悪魔の常套手段は、自分の身を隠すということです。その方が仕事がしやすいからです。忍者だって自分の身を隠すのです。悪魔も同じで、「悪魔なんて、そんなものいるはずない」と思わせるのが、悪魔の手段なのです。ついでに、「神もいるはずない」と思わせれば、悪魔にとってしめたものです。私たちは、聖書が悪魔について伝えてきたことに、唯物論的な解釈を加えて、ねじ曲げてはなりません。「悪魔というのは、人間の罪の誘惑の古代人による擬人化」というのが、教会の中でさえ、まことしやかにささやかれたりしますが、それは欺瞞です。

聖書の中にこんな一節があります。

今からは、主にあって、その強い御力によって強くなりなさい。神の武具を身につけなさい。悪魔の策略に向かい、立つことができるために。私たちの戦いは、血肉に対するものではなく、支配、権威、闇の世界の主権、天上の悪の諸霊に対するものなのです。

ヘブライ人へ6章10〜12節

もしも、悪魔の存在を否定してしまうのだったら、上の聖句はどう理解すればよいのでしょうか? 「空を打つような拳闘はしない(Tコリント9:26)」と使徒パウロもおっしゃっています。私たちクリスチャンは、勝利者キリスト・イエスに従い行く者なのです。

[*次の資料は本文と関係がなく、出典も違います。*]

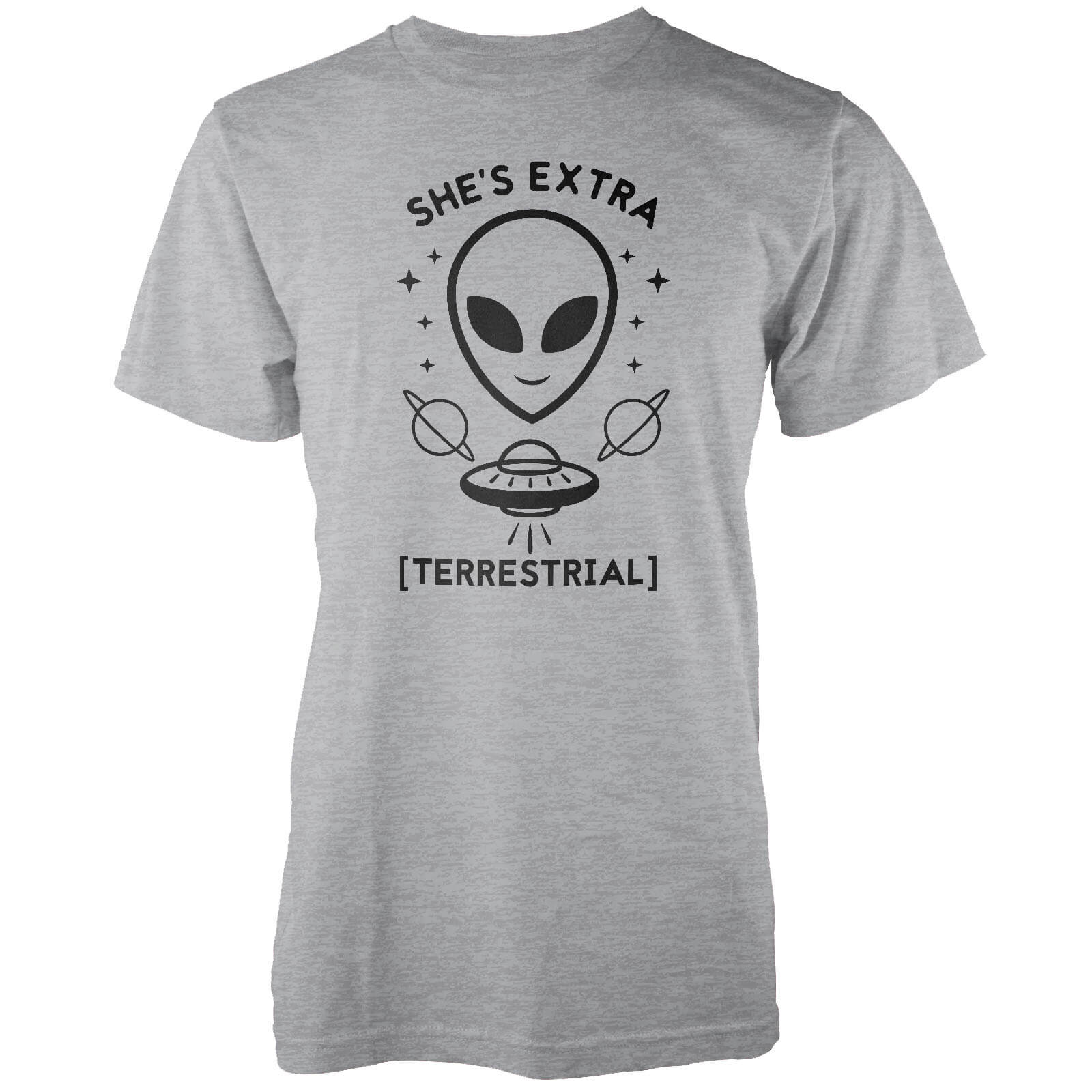 She's Extra Terrestrial Grey T-Shirt - S - Grey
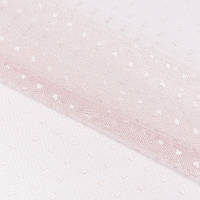 Ткань для гардин Материал для гардин Гардинное гипюровое полотно с фестоном Гардинное полотно МИСУ розовый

御神に感謝! 私たちを常に、キリストの内にあって凱旋させ、どこにあっても、私たちを通してキリストを知る知識の香りをあらわにしてくださることを。

コリント人へ下巻 2章14節

平和のために、神の武具を身につけて、主の御力によって悪魔と戦う者こそ、クリスチャンなのです。私たちの敵である悪魔とは、すなわちこのような者です。「ディアボロス(告発者)」、「アポリオン(破壊者)」、「アバドン(破壊者)」、「サタン(敵する者)」、「ベエルゼブル(ハエのバアル[主人])」、「ベリヤアル(無価値)」、「マステマ(敵意)」…… これらは、すべて聖書に出てくる悪魔を表す単語です。また、「この世の君主」とか「空の権を持つ君主」、「反キリスト」など、いろいろな呼び名があります。つまり、私たちの敵であり、私たちを告発し、破壊する者、無価値な思い(背徳)に誘う者です。

戦いで、敵を知らないということほど、不利なことはありません。敵の存在を認めない戦いなど、ありはしないのです。戦いといっても、「私たちvs悪魔」ではありません。「神の陣営vs悪魔の陣営」です。ですから、勝負はもう既についているのです。勝利者は、復活の主イエス・キリストです。しかし、それでもなお、私たちを神の陣営から離反させようとたくらむのが悪魔です。決して侮ってはいけません。悪魔は、滅びの道連れを常に探し回っているからです。

悪魔は、私たちの教会の内部に、告発の種、お互いに裁き合い、ののしり合う種、分裂の種を蒔き続けているのです。主の教会、主の王国のために…… 騙されないよう、常に勝利の主イエス・キリストを見つめながら、歩んで行きましょう。


天のお父様、私たちを御子キリストからはぐらかそうとたくらむ者がいるのです。私たちは弱くても、キリストによって、聖霊の御力を頼りとして、歩むことができますよう、お導きください。そして、常にあなたの御心に沿うものかどうか見分ける知恵をお与えくださいますように。主イエス・キリストの御名によって、アーメン。